Items from a data source:
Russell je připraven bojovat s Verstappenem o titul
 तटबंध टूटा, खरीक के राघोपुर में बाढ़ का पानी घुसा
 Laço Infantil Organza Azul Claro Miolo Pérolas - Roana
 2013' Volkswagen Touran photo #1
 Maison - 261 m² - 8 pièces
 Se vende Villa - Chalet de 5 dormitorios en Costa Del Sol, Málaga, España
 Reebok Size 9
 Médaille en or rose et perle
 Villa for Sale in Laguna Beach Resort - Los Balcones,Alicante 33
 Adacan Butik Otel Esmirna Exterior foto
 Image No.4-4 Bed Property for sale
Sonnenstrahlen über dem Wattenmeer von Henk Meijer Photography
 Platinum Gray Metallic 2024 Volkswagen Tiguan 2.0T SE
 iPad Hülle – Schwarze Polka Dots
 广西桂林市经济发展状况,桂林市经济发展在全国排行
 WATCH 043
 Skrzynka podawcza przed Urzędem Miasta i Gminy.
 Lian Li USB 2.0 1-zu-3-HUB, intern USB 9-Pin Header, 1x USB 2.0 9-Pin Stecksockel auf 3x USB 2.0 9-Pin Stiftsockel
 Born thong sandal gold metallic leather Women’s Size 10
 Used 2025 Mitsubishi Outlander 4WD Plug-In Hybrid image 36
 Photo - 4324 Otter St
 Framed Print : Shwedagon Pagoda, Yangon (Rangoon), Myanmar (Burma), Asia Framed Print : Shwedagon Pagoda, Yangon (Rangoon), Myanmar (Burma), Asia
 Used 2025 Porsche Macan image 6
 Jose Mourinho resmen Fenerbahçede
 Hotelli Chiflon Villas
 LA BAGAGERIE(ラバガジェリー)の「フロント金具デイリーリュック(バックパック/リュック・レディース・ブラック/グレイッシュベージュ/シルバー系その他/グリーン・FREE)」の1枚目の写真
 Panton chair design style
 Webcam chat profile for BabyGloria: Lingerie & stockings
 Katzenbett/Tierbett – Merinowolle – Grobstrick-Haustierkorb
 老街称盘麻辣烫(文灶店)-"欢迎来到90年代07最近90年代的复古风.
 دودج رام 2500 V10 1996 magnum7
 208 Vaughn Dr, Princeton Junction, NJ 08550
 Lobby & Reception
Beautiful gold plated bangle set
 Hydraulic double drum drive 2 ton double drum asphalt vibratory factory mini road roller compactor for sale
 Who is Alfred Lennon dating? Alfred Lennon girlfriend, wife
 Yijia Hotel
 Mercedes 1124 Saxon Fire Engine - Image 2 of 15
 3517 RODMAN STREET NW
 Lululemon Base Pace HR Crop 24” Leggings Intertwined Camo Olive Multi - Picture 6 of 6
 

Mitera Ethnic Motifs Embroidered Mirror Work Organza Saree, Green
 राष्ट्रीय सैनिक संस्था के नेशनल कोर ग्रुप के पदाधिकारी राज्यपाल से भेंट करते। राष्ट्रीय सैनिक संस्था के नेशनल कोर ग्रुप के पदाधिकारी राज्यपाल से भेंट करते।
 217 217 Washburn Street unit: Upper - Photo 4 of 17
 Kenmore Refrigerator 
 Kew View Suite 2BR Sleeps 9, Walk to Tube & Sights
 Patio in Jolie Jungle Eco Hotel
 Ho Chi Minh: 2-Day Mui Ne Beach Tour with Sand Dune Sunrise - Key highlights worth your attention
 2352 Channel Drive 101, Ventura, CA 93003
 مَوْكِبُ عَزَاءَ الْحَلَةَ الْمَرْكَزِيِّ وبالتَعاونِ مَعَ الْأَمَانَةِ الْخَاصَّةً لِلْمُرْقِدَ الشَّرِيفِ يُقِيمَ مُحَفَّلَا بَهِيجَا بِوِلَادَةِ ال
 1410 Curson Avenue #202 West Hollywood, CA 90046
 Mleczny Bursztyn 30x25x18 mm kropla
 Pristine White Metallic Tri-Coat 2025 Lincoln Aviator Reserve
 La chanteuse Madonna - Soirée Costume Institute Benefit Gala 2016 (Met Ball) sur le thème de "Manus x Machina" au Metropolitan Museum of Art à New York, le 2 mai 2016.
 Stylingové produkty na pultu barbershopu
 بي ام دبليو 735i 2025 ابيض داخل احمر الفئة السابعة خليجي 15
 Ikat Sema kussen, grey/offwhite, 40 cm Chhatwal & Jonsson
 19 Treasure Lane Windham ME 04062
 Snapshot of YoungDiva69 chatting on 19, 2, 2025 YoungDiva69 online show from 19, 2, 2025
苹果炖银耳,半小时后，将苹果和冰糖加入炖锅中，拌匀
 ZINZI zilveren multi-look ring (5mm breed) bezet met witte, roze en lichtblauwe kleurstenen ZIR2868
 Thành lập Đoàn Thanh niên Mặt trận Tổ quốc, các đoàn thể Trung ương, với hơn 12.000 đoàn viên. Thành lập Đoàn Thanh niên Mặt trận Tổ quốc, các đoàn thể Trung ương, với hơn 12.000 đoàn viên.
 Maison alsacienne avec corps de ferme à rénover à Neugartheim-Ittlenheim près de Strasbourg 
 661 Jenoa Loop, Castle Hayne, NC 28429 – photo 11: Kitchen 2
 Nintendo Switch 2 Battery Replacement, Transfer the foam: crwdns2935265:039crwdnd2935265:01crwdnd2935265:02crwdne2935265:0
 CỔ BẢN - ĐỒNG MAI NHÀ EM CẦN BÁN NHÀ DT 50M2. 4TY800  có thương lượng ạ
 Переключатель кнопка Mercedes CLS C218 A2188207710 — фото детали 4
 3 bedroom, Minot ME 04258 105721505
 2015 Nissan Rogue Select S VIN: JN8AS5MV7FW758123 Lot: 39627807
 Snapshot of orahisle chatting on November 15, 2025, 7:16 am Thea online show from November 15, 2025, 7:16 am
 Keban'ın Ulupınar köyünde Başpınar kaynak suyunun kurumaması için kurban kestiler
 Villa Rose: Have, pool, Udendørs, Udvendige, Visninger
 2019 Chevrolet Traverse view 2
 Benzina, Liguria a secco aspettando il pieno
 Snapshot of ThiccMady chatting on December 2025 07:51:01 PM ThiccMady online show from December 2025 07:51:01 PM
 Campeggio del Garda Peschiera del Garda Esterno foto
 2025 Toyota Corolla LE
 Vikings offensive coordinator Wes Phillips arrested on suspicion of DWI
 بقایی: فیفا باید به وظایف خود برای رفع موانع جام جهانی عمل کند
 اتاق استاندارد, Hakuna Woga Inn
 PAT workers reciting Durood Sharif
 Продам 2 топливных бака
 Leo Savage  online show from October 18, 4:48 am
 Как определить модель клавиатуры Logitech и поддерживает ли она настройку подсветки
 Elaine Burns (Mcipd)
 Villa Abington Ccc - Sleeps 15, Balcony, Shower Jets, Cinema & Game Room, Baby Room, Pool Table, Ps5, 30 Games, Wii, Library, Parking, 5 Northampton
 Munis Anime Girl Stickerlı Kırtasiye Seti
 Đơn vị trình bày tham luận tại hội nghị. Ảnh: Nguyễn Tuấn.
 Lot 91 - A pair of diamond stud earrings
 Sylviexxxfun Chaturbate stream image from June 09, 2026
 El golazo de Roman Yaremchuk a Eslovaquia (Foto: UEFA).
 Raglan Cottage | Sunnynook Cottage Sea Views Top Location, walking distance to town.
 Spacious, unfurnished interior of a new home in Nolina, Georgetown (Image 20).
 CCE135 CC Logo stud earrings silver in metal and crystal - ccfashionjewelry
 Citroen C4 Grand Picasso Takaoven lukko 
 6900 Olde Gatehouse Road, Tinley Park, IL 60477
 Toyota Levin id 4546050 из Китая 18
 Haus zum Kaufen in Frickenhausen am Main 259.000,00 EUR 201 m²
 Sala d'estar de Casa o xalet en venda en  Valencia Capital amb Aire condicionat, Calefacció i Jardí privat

- TASK DETAILS: From the records above, transcribe without alteration every line from the one with "Jose Mourinho resmen Fenerbahçede" to the one with "Beautiful gold plated bangle set", inclusive.

- EXERCISE ANSWER:
 Jose Mourinho resmen Fenerbahçede
 Hotelli Chiflon Villas
 LA BAGAGERIE(ラバガジェリー)の「フロント金具デイリーリュック(バックパック/リュック・レディース・ブラック/グレイッシュベージュ/シルバー系その他/グリーン・FREE)」の1枚目の写真
 Panton chair design style
 Webcam chat profile for BabyGloria: Lingerie & stockings
 Katzenbett/Tierbett – Merinowolle – Grobstrick-Haustierkorb
 老街称盘麻辣烫(文灶店)-"欢迎来到90年代07最近90年代的复古风.
 دودج رام 2500 V10 1996 magnum7
 208 Vaughn Dr, Princeton Junction, NJ 08550
 Lobby & Reception
Beautiful gold plated bangle set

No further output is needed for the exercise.